While Colligan’s modernist tendencies on B3 steer clear of the old-school, Jimmy Smith approach, he has staked out his own territory in the contemporary organ scene. “When most people think of young organ players today they think of Joey DeFrancesco, Larry Goldings and Sam Yahel. I wanted to do something a little different than what those guys are doing because I don’t think I can really do what they do authentically anyway. I’ll never be on Joey’s level of playing the Hammond B3 because he started on it. He’s just more at home with that instrument because he played organ before he played piano. I’m more like Larry Goldings as a pianist coming to the organ and trying to deal with it that way.”
The gifted 33-year-old keyboard player actually started out on trumpet, majoring on the instrument at Baltimore’s prestigious Peabody Conservatory of Music. Upon graduating in 1991 he switched to piano and began playing hotel gigs around Baltimore, which is where he met Thomas. “I had a gig at the Hyatt Regency and Gary used to come by and sit in, sometimes subbing for the regular tenor player. He had already played with Miles Davis and Jack DeJohnette’s Special Edition band and I was totally a beginner.”
Colligan’s other current project is equally ambitious but stylistically a world apart from Mad Science. Made possible by a prestigious Chamber Music America New Works Creation and Presentation grant, which is funded by the Doris Duke Charitable Foundation, Colligan’s Post 9/11 is a heartfelt reaction to that horrible day in American history. “It’s just an impression,” he says of the moving suite, “and I looked at it more like an expression of feeling happy. When something traumatic like that happens, you value the time that you have on earth. And it often just makes me think about what the world would be like if we didn’t have all this violence-not to sound like a beauty-pageant winner.
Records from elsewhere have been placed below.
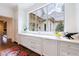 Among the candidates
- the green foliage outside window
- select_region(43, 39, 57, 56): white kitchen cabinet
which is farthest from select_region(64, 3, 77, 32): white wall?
select_region(43, 39, 57, 56): white kitchen cabinet

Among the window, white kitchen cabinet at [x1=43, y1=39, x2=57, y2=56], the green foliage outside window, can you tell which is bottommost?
white kitchen cabinet at [x1=43, y1=39, x2=57, y2=56]

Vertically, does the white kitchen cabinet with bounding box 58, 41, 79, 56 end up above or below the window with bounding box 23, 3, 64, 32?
below

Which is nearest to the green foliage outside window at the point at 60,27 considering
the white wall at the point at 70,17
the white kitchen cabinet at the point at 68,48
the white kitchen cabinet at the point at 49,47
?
the white wall at the point at 70,17

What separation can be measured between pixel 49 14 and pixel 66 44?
137 centimetres

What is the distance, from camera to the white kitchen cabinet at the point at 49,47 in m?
1.56

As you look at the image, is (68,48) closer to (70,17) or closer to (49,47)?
(49,47)

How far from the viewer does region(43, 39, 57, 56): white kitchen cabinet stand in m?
1.56

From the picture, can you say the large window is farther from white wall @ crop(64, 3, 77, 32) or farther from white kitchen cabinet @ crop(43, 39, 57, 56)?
white kitchen cabinet @ crop(43, 39, 57, 56)

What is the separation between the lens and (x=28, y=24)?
3.81 metres

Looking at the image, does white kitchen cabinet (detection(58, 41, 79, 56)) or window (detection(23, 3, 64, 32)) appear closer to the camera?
white kitchen cabinet (detection(58, 41, 79, 56))

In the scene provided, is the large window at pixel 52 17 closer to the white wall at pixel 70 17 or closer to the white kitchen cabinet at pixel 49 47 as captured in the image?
the white wall at pixel 70 17

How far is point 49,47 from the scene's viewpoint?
5.63ft

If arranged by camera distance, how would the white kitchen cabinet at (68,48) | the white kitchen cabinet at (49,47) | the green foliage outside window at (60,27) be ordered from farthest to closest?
the green foliage outside window at (60,27) < the white kitchen cabinet at (49,47) < the white kitchen cabinet at (68,48)

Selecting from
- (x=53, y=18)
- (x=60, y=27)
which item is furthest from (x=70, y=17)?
(x=53, y=18) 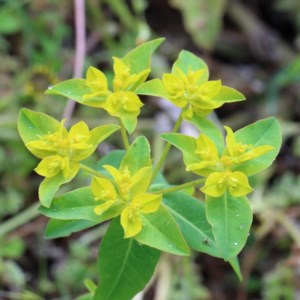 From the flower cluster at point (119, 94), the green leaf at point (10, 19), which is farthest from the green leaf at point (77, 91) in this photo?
the green leaf at point (10, 19)

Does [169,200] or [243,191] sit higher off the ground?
[243,191]

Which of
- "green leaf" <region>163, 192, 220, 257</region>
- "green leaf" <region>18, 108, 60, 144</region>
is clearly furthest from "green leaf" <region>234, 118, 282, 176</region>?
"green leaf" <region>18, 108, 60, 144</region>

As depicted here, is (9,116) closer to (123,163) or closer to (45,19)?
(45,19)

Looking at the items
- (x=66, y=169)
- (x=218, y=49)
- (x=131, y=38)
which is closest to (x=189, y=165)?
(x=66, y=169)

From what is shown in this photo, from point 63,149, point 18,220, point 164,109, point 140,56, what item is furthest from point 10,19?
point 63,149

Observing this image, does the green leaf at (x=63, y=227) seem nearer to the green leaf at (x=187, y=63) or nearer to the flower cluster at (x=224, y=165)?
the flower cluster at (x=224, y=165)

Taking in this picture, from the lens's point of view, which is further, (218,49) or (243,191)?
(218,49)

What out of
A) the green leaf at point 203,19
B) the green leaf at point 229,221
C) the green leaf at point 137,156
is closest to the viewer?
the green leaf at point 229,221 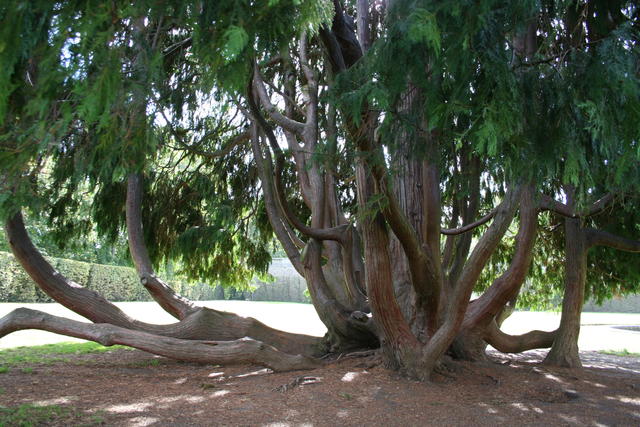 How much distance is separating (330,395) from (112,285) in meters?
27.0

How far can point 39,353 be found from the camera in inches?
371

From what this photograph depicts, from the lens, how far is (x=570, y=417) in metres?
5.34

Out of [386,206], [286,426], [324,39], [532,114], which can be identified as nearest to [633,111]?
[532,114]

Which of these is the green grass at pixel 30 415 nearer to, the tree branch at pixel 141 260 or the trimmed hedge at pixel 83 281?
the tree branch at pixel 141 260

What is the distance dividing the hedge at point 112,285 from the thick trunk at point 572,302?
6.41m

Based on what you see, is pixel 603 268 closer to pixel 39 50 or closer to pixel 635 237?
→ pixel 635 237

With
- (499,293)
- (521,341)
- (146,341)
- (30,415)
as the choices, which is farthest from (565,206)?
(30,415)

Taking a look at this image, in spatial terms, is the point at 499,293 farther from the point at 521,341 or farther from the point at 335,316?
the point at 335,316

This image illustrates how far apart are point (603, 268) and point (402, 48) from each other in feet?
24.9

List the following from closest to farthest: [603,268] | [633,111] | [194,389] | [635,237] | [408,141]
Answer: [633,111] → [408,141] → [194,389] → [635,237] → [603,268]

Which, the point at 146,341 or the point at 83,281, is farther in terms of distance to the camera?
the point at 83,281

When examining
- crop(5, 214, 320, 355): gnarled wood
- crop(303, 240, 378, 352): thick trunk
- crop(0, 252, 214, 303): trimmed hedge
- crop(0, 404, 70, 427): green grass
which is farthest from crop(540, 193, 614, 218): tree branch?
crop(0, 252, 214, 303): trimmed hedge

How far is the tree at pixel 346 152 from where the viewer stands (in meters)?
3.18

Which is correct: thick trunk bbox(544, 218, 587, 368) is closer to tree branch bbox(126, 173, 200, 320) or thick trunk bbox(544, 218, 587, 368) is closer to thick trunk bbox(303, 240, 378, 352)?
thick trunk bbox(303, 240, 378, 352) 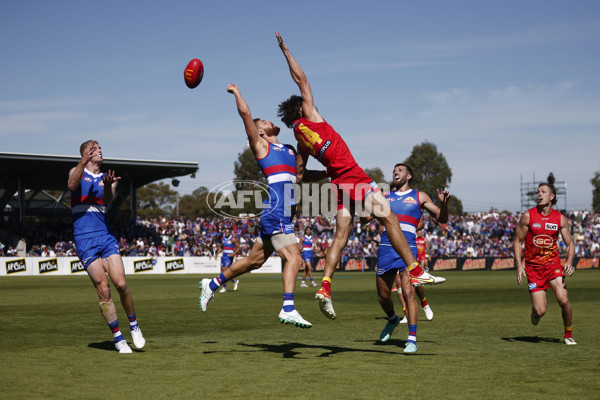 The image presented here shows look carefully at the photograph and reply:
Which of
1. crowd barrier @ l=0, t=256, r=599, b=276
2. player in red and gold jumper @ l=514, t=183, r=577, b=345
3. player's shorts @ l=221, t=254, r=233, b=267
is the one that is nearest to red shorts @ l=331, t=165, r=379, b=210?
player in red and gold jumper @ l=514, t=183, r=577, b=345

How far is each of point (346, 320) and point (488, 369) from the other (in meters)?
6.57

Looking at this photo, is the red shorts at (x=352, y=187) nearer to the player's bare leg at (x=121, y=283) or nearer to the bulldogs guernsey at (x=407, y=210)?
the bulldogs guernsey at (x=407, y=210)

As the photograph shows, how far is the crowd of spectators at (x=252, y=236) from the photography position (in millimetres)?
53062

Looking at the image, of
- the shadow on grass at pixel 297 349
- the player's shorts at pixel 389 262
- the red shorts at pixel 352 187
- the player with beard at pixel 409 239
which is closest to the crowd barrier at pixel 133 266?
the player with beard at pixel 409 239

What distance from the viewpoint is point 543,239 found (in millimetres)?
10680

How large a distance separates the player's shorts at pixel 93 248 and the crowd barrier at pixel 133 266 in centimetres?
3749

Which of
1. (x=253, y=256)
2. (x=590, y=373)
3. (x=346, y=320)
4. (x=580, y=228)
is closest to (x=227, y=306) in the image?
(x=346, y=320)

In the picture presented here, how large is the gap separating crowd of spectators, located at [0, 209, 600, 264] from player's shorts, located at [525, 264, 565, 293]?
4017cm

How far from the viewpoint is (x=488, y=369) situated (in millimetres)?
7543

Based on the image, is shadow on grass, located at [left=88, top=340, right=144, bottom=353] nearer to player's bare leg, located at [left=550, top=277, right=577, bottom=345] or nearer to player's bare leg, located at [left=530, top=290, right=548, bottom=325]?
player's bare leg, located at [left=530, top=290, right=548, bottom=325]

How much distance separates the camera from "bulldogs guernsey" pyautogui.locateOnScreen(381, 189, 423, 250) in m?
11.0

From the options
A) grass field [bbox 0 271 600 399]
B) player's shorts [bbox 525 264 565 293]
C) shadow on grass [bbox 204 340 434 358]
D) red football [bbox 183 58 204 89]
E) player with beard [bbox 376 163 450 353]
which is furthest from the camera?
player's shorts [bbox 525 264 565 293]

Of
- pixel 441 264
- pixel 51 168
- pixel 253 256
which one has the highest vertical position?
pixel 51 168

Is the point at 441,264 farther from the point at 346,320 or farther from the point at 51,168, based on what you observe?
the point at 346,320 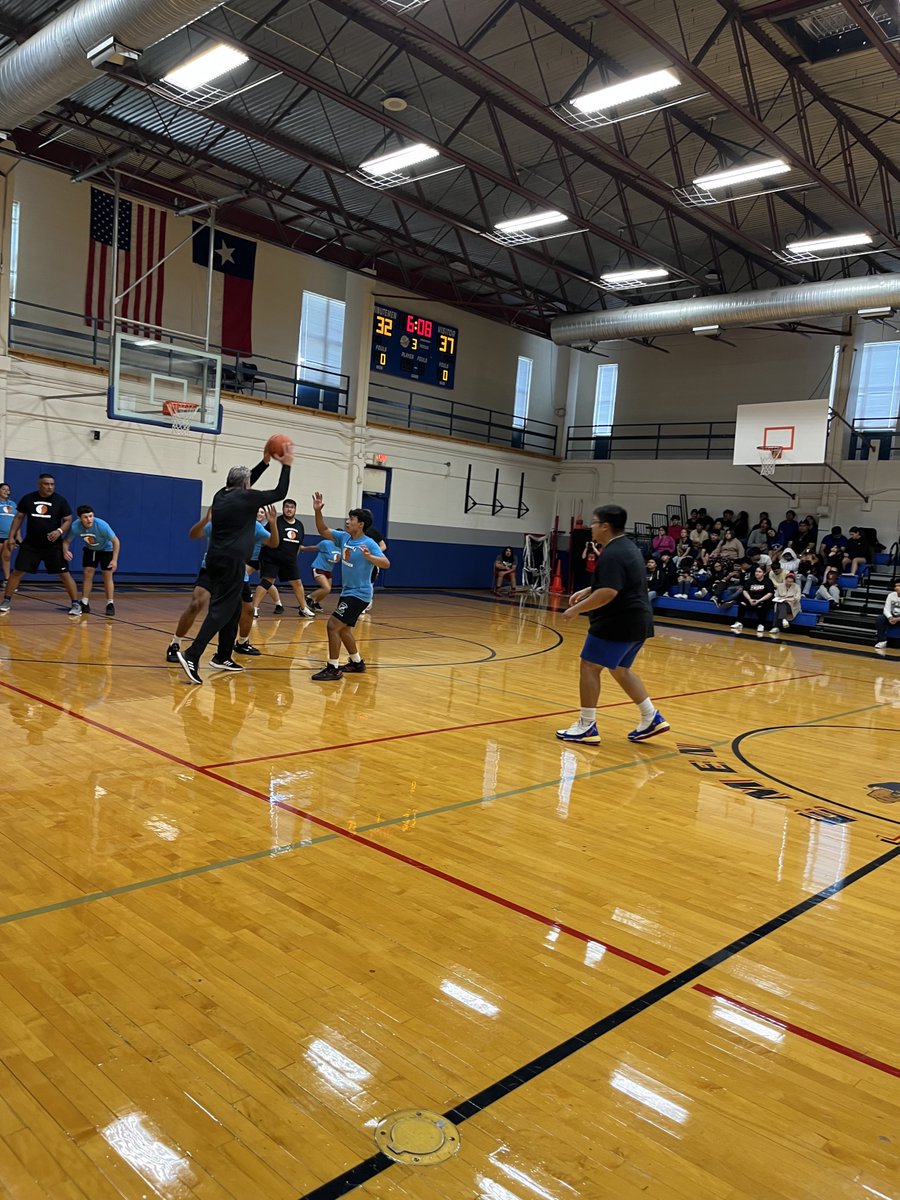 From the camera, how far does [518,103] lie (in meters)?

But one of the movements is called “Visions of a Peaceful World,” which kind of explains where I was at when I wrote the piece. I guess I wasn’t really trying to go too much into politics with it. Now, two years later, I’m thinking more about why it happened but back then it was just sort of raw emotion.”
Colligan premiered the piece, which features his Ultimatum band of Thomas, bassist Drew Gress and drummer Ralph Peterson, at the Jazz Gallery in New York last May, then toured the U.K. before recording the entire suite live at Smoke in New York in mid-December.
Colligan continues to play piano with Don Byron’s Music For Six Musicians, the Mingus Big Band and separate groups led by Robin Eubanks, Lonnie Plaxico and Ravi Coltrane. But with Mad Science it’s strictly B3. “I’m not saying I’m never going to do a piano trio on my own again, but right now I’m having too much fun playing the organ.”